Financial Daily from THE HINDU group of publications
Monday, Mar 18, 2002
Agri-Biz & Commodities
Nestle set to `adapt' to consumer's purse
Mr Carlo M. Donati, CMD, Nestle India Ltd.
NEW DELHI, March 17
THE Nestle Chief in India, Mr Carlo M. Donati, is distinctly unhappy. The Budget 2002-03 fails to instil consumer confidence. And that perturbs him. But what really gets his goat is the prevailing ``chalta hai'' attitude. So says Mr Donati, in a no-holds barred interview with Business Line.
The coming fiscal does not look good, going by the revised GDP figure, pegged at four per cent or near about. The numbers notwithstanding, he observes, ``it is the attitude...chalta hai...that is disappointing and that does not create consumer confidence. Subsequently, there will be no expenditure and it is against this background that we have to deliver. And that, is not easy.''
Not surprising then, that Mr Donati, CMD, Nestle India, was away at Varanasi, perhaps watching the Ganga flow by, when the Finance Minister was presenting the Budget for the new fiscal!

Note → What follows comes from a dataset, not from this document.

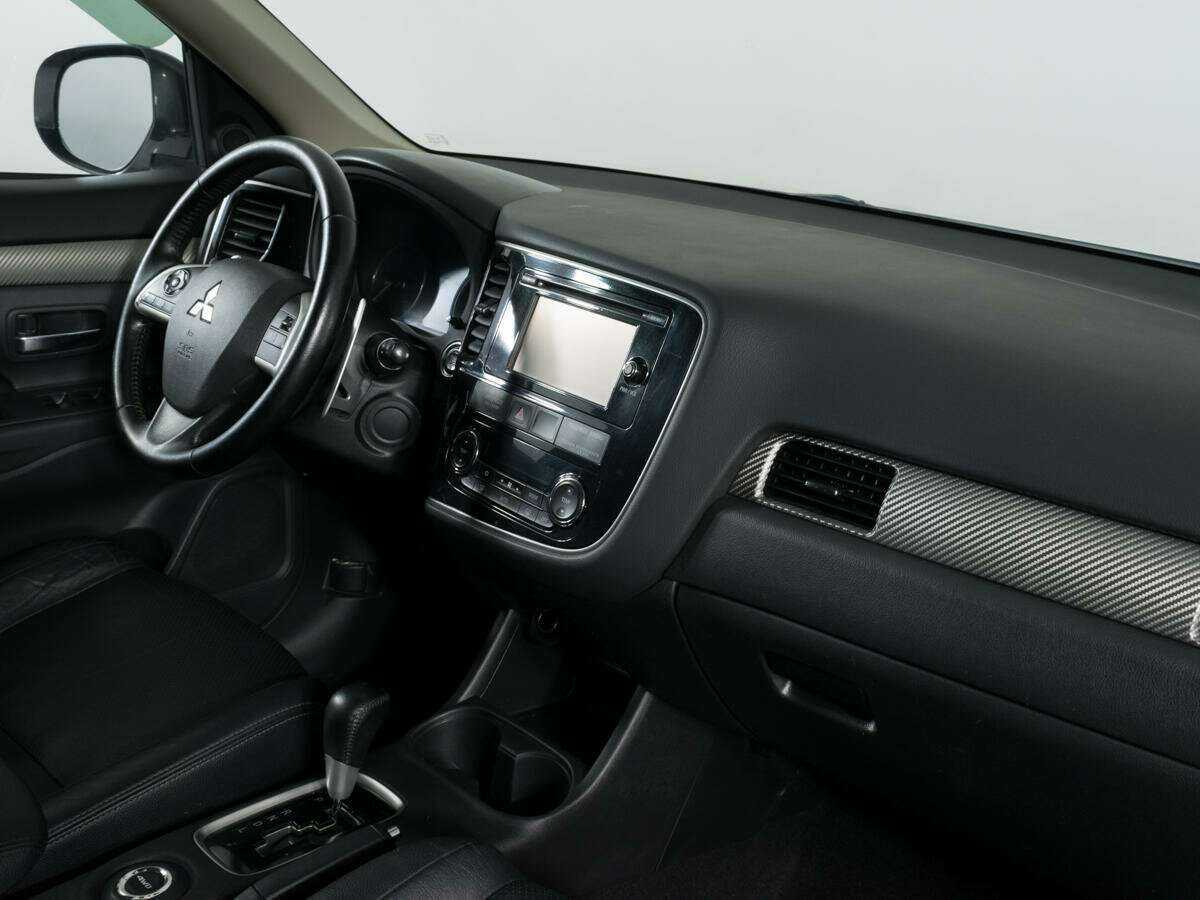 Mitsubishi Outlander, 2012 Фото №9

``Consumer confidence has a multiplier effect and is a generator of GDP growth. If GDP remains stagnant, then I would not be able to catch a new consumer,'' he explains.
But, the Swiss food major's disenchantment with the Budget is for reasons more than just not spurring consumer confidence.
The scrapping of the Milk and Milk Products Order (MMPO), specifically, makes Mr Donati indignant. ``Neither Nestle nor NDDB are charitable organisations. They invest because they want to collect (earn). We invest in the milk area because we need a certain quantity and quality of milk.'' Nestle, till date, has cultivated about 95,000 farmers in and around Moga (Punjab).
``Liberalisation is my doctrine. But it has to be applied with a certain degree of caution. If you liberalise, like it is now a free for all then my investment will benefit someone else'', he points out in anguish. And goes on to elaborate further.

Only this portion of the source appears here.